[WHAT THE EXERCISE ASKS] Repeat the lines below exactly as they appear, but leave out the images.

[DATASET RECORDS]
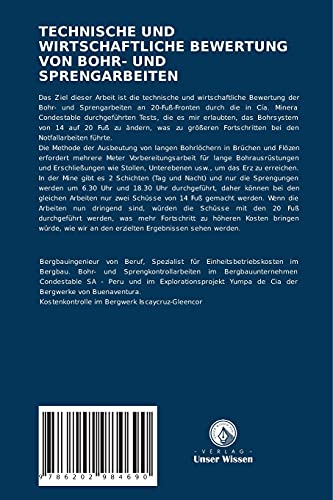 TECHNISCHE UND WIRTSCHAFTLICHE BEWERTUNG VON BOHR- UND SPRENGARBEITEN: FÜR DIE VERBESSERUNG DES VORSCHUBS DURCH 20-FUSS-LÖCHER IM VORSCHUB DURCH 20-FUSS-LÖCHER BEI HORIZONTALER ARBEIT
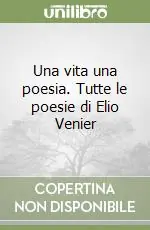 Super Prezzo Una vita una poesia. Tutte le poesie di Elio Venier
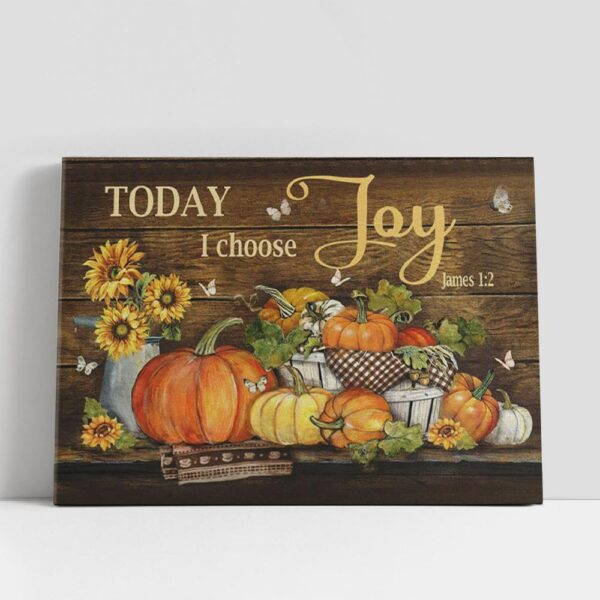 Christian Canvas Wall Art, Today I Choose Joy James 12 Pumpkin Autumn Canvas Wall Art, Christian Canvas Art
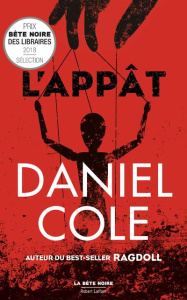 L'appât - Cole Daniel ; Beunat Natalie
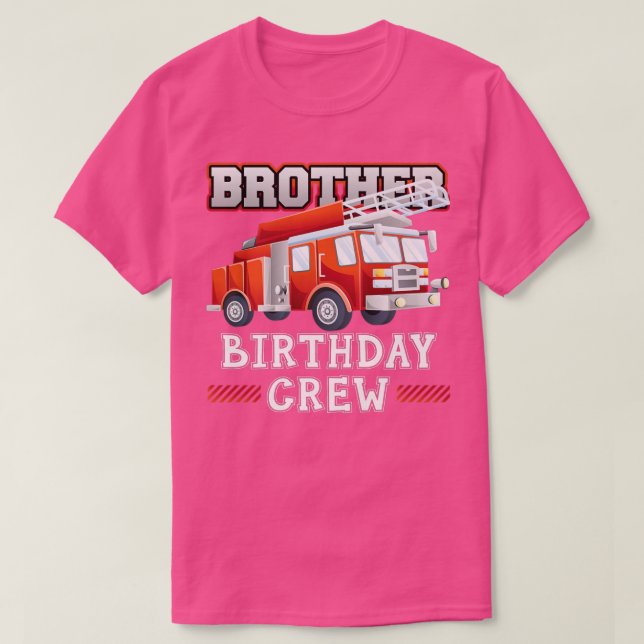 Camiseta Brother Birthday Crew Fire Truck Firefighter Famil (Diseño del anverso)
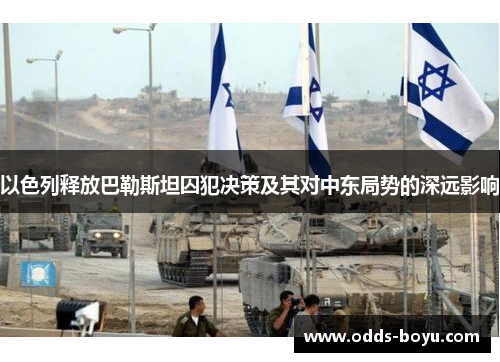 以色列释放巴勒斯坦囚犯决策及其对中东局势的深远影响
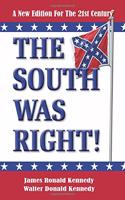 South Was Right!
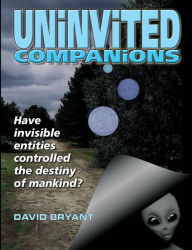 Title: Uninvited Companions, Author: David Bryant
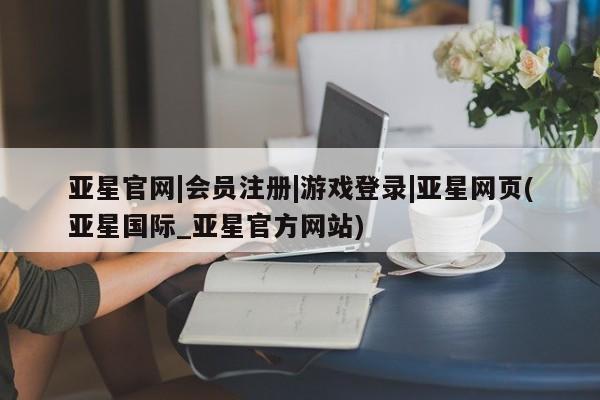 亚星_官网 亚星官网_管理平台亚星官网|会员注册|游戏登录|亚星网页(亚星国际_亚星官方网站)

[TASK SOLUTION]
 TECHNISCHE UND WIRTSCHAFTLICHE BEWERTUNG VON BOHR- UND SPRENGARBEITEN: FÜR DIE VERBESSERUNG DES VORSCHUBS DURCH 20-FUSS-LÖCHER IM VORSCHUB DURCH 20-FUSS-LÖCHER BEI HORIZONTALER ARBEIT
 Super Prezzo Una vita una poesia. Tutte le poesie di Elio Venier
 Christian Canvas Wall Art, Today I Choose Joy James 12 Pumpkin Autumn Canvas Wall Art, Christian Canvas Art
 L'appât - Cole Daniel ; Beunat Natalie
 Camiseta Brother Birthday Crew Fire Truck Firefighter Famil (Diseño del anverso)
 以色列释放巴勒斯坦囚犯决策及其对中东局势的深远影响
 South Was Right!
 Title: Uninvited Companions, Author: David Bryant
 亚星_官网 亚星官网_管理平台亚星官网|会员注册|游戏登录|亚星网页(亚星国际_亚星官方网站)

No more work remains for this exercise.